Hocalı katliamını hakkıyla anma girişimini sabote etmeye yönelik girişimler yüzünden AKP’nin tıpkı rahip cinayetlerinde olduğu gibi kendi azınlıklarını hedef gösterdiği içeride ve dışarıda yazılıp çizilmeye başlaması an meselesidir.

Ermenistan’a gittiğimde bir benzerini orada da görmüştüm. Uluslararası kamuoyunu harekete geçirmek ve parlamentolarda soykırım kararı çıkarmak için resmi tarihin ürettiği nefret söylemi bütün Türkleri soykırımcı olarak anıyordu. İttihatçıların zulmünü deşifre etmediğiniz sürece tüm toplum suçlu olarak kalıyordu.
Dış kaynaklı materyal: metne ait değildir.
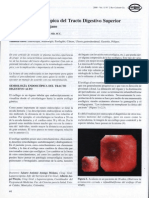 Semiología Endoscópica Del Tracto Digestivo Superior - Importancia para El Cirujano - 0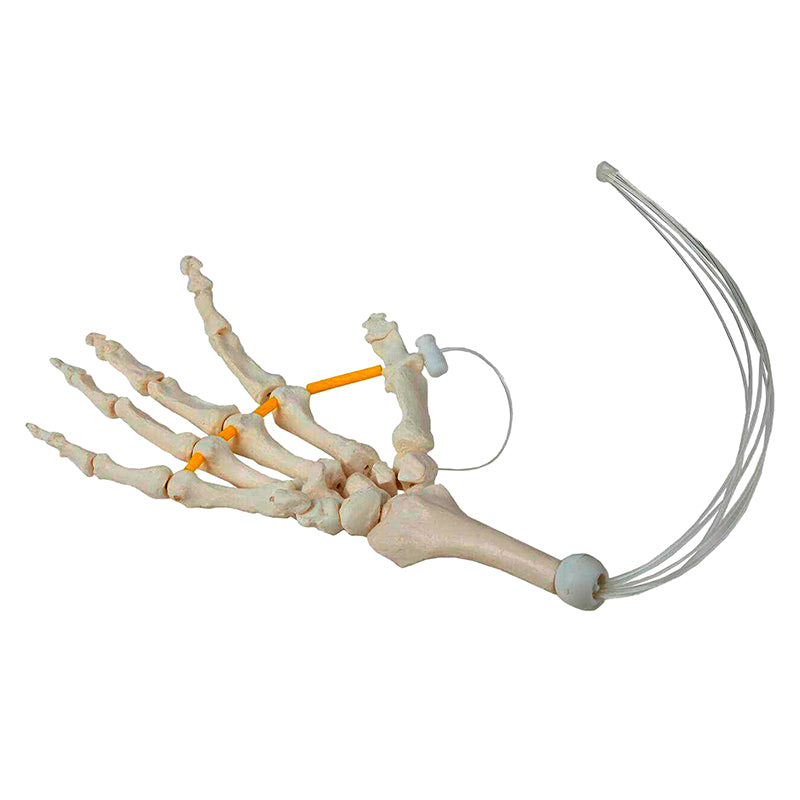 Load image into Gallery viewer, Hand Skeletal Model, Nylon Chord
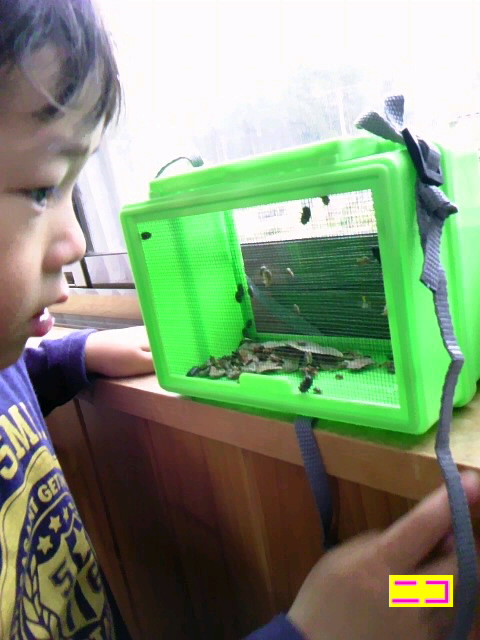 ｳｷﾞｬーーー(°□°;)!!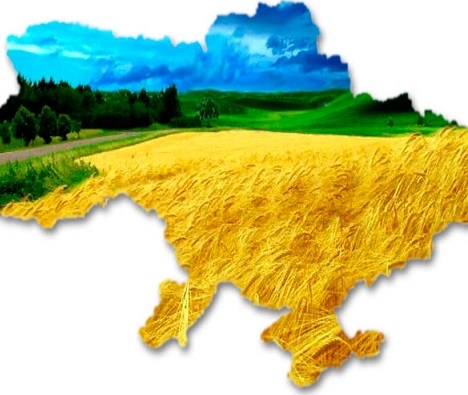The agriculture Ministry said that Ukraine is ready to open the land market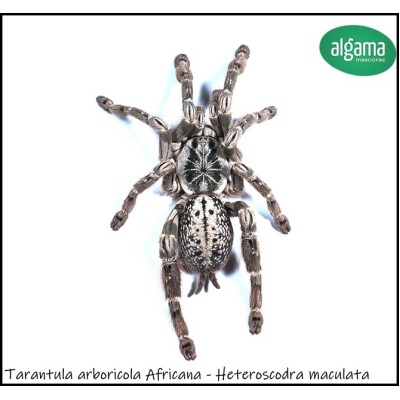 Tarantula arboricola Africana -  Heteroscodra maculata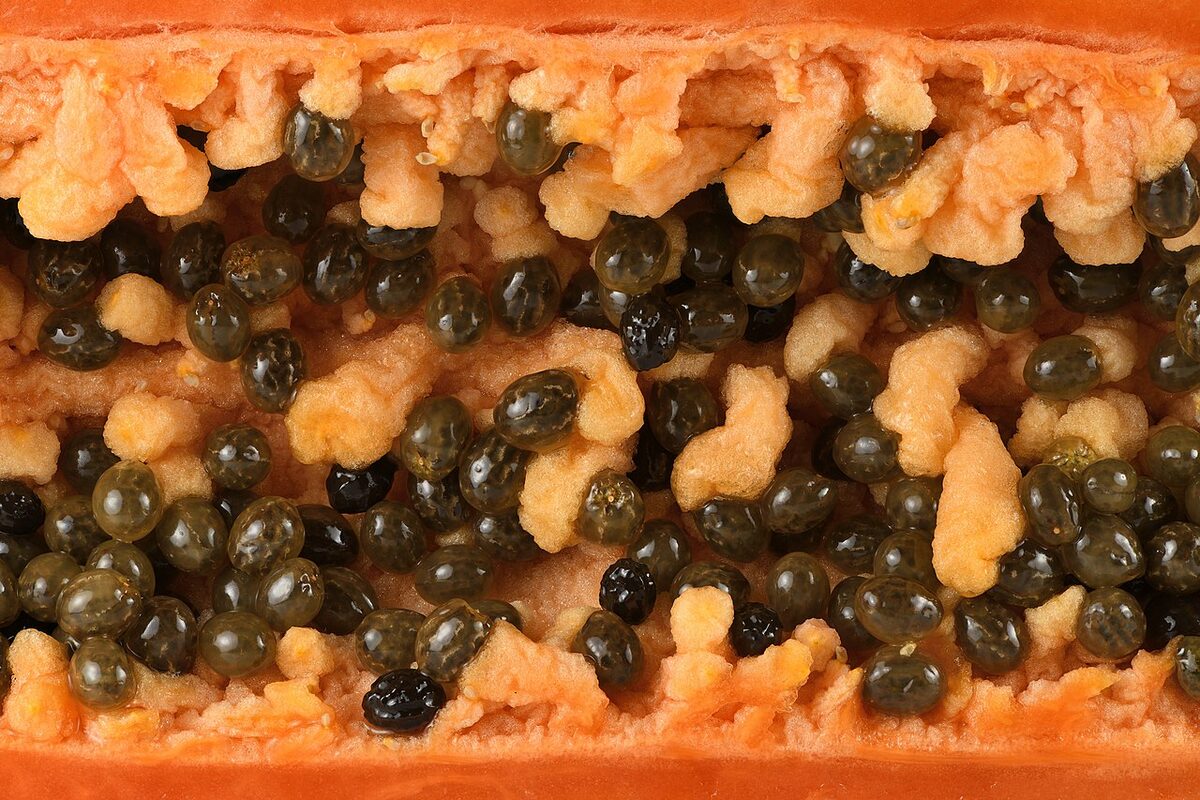 Папайя (Carica papaya) — внешний вид растения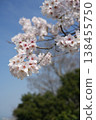 Cherry blossoms in full bloom shining in the blue sky 138455750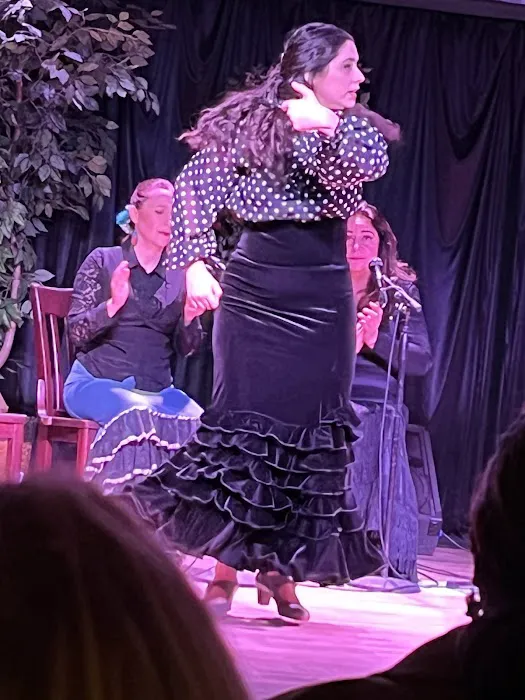 Maria Vazquez - Flamenco Denver Picture 1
Tabii Ermenistan’da mesela bizdeki gibi tehcire uğradıktan sonra bir avuç kalmış Türk yaşıyor olsaydı, bu kaba genellemeci ve nefret üreten dil onlarda da Azerilere karşı siyasi malzeme olarak kullanılırdı şüphesiz.
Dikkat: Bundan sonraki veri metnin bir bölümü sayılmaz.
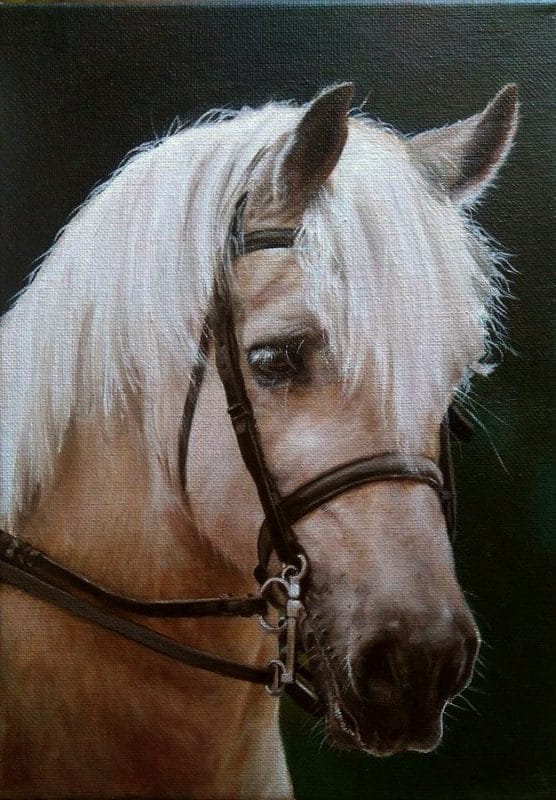 Pony portrait in oils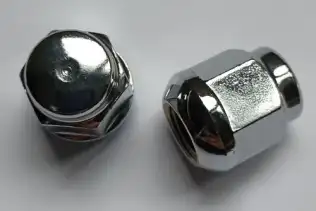 Bijon Somunu  MGA 77266
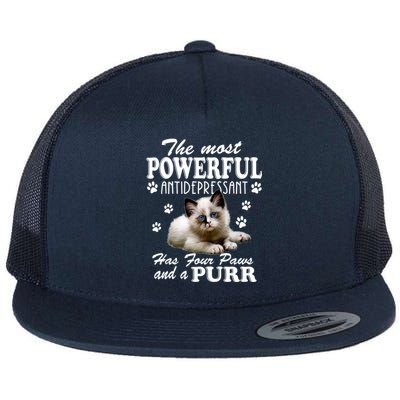 The Most Powerful Antidepressant Has Four Paws And A Purr Cute Gift Flat Bill Trucker Hat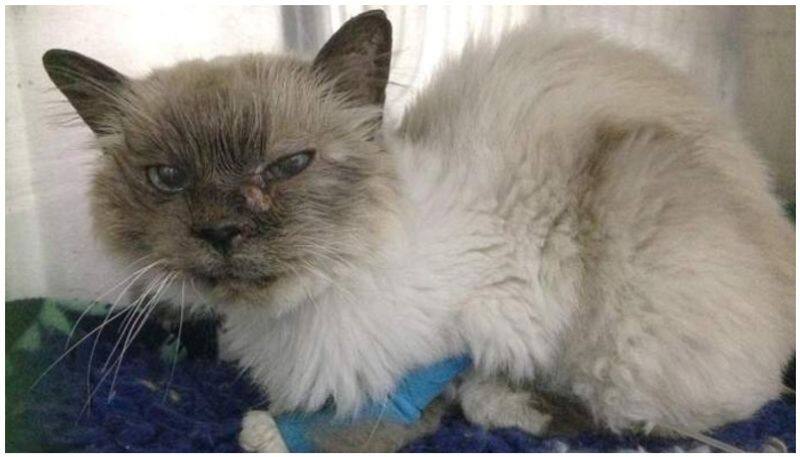 Georgia Zasaris pet cat back missing ten years ago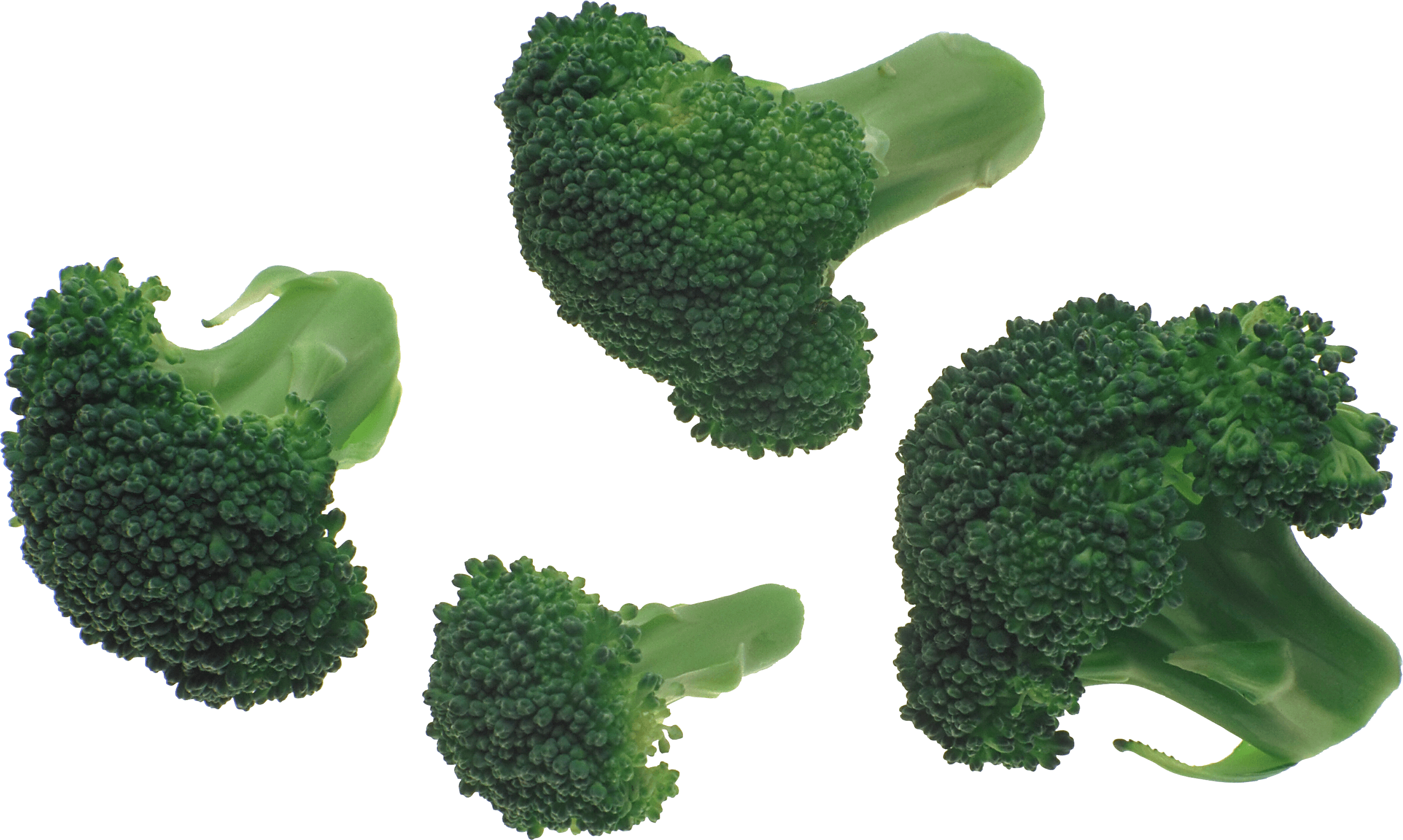 Broccoli Transparent PNG Image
Hep tekrarladığım gibi: Zorbanın hangi milletten ve ırktan olduğuna bakılmaz. Onun zalim olmaktan başka kimliği yoktur. Haksız yere katledilmiş tek bir insanın acısı bir diğerininkiyle kıyaslanamaz. Katliam acılarını yarıştırmak, dünyanın neresinde olursa olsun, katliamları meşrulaştırmaktan ve insanlığımızı hedef almaktan başka bir işe yaramıyor. Ve Fransa’da olduğu gibi siyaseti daha da kirletmeye yarıyor.

28 Şubat’a giden yolda darbecilerin ve darbeye dolaylı destek verenlerin hangi sektörde olursa olsun ortaya çıkarılması, hem Ergenekon sürecini iyice açığa çıkaracaktır hem de yeni çalışma gruplarının yazmakta olan yeni kirli senaryolarını.